As strange as it may sound, grieving offers a strategic advantage to the Christian leader who will go there and subsequently help their spheres of influence do the same. God is calling us to more – to a higher level of glory (and kingdom productivity). To get there, we must grieve.

Chaos can be confusing and distracting, drawing us away from God’s purpose in our lives. It can become overwhelming and discouraging, threatening to destroy our destiny as kingdom citizens. In other words, we become unproductive.

On the other hand, chaos can be used by God to clarify and concentrate our focus, while empowering and encouraging us for kingdom assignments – the good works God prepared for us to walk in (Ephesians 2:10). Furthermore, God intends for chaos to draw us closer to Himself and transform us into the image of His Son’s glory.

But we all, with unveiled face, beholding as in a mirror the glory of the Lord, are being transformed into the same image from glory to glory, just as by the Spirit of the Lord. 2Corinthians 3:18

Consider the ugly, leaf-bound, and leaf-eating caterpillar who metamorphoos into a beautiful, free-flying, and nectar-eating butterfly (the Greek for transform is metamorphoo). Dying to his old way and form, the caterpillar becomes a glorious new form of God’s creation.

Similarly, God will use the chaos of this decade to dramatically transform the individuals, families, and fellowships who keep their eyes focused on the Lord and their minds set on things above. The Holy Spirit waits for God’s people to submit to His transforming – metamorphoo’ing – work.

Our response to God’s call requires leaving something behind. Many times, it is security, long held beliefs, routines, even people and places we have grown to love. Rarely does this call not involve a dying to ourselves.

So, there must be grieving.

Grieving is not something most people readily embrace because we associate it with negative events. I am encouraging you to see grieving as the grace God has provided for all His children. Knowing our weaknesses, He has given us the process of grieving that we might more easily and productively walk through the transformation required for our next assignment.

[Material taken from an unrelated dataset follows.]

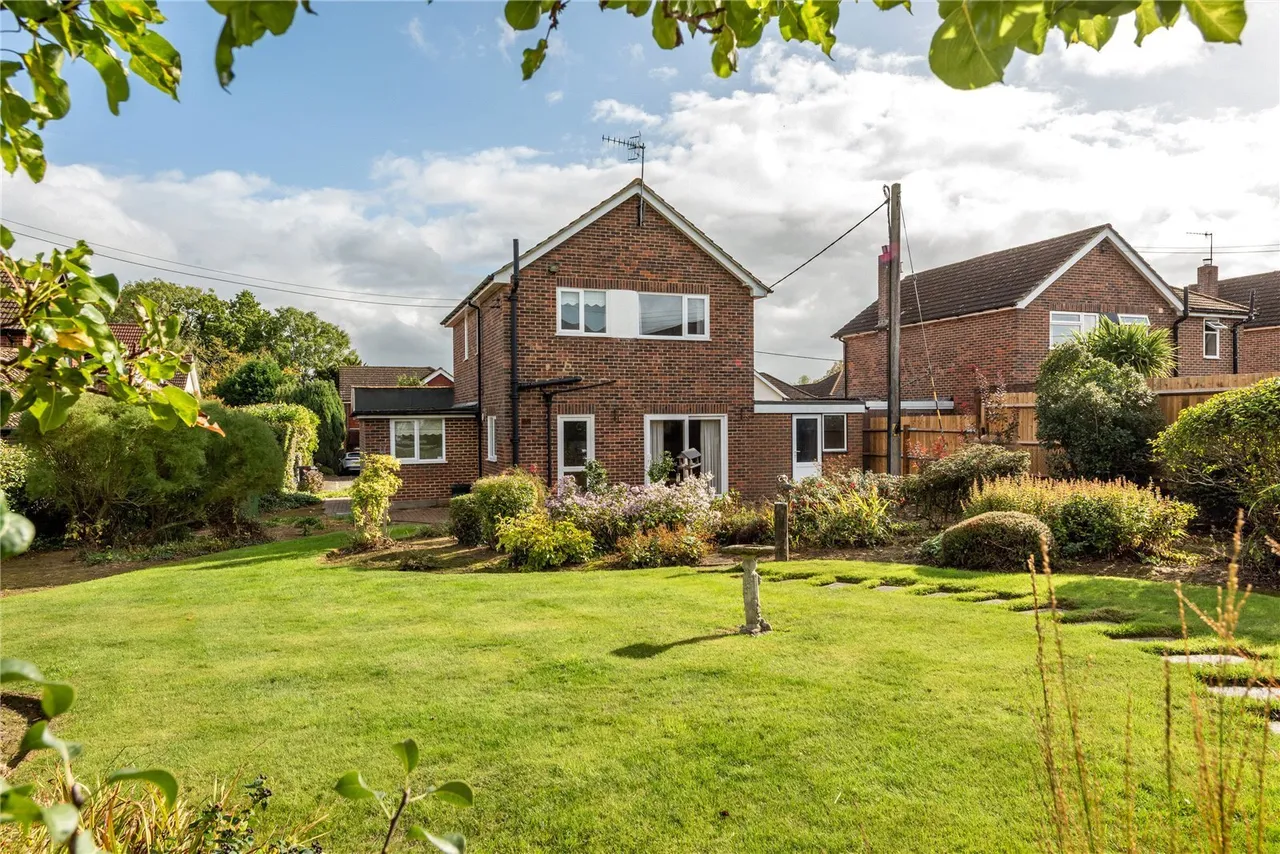 Mortimer Road, Capel, RH5, photo 10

Here are four benefits of grieving:

  1. It prepares you to let go – making the first step possible. Saying goodbye is a liberating and empowering experience. Even when you don’t know what you are leaving, offering up your “whatever” to God releases His grace for the journey.
  2. It allows you to keep your face turned in the right direction. God designed us to face toward the direction our feet are taking us; so that we avoid tripping over obstacles and running into others. Those that keep looking back have a tough time finding God’s path (and beholding the Lord).
  3. It makes future grieving easier, as God calls you to let go of more. Transformation is an iterative process. Dying to ourselves – that God might be our all-in-all – is not a onetime event (and this is God’s mercy). As God proves Himself faithful in our letting go, we grow to trust Him for more.
  4. Grieving liberates us from ourselves, that we might help others grieve. Those “others” are likely the people God has called us to run with, into the chaos and beyond.

Perhaps the most important thing I have learned about grieving is that it is a relational activity. God uses it to build our relationship with Him and others. Consequently, the beginning point for our grieving must be prayer. Both the PAPA Prayer (Crabb, 2006) and the prayer of Psalm 139:23-24 will be helpful in this regard.

Search me, O God, and know my heart;
Try me, and know my anxieties;
And see if there is any wicked way in me,
And lead me in the way everlasting.

So, when you are ready to take the first step in your adventure towards more, ask God to reveal something that you need to leave behind – something that will allow you to practice the grieving process. He will meet you there.

God bless you with wisdom and grace to grieve your loss and help others to do the same.

Humbly yours and forever His,


Crabb, L. (2006). The PAPA Prayer. Brentwood, TN: Integrity Publishers.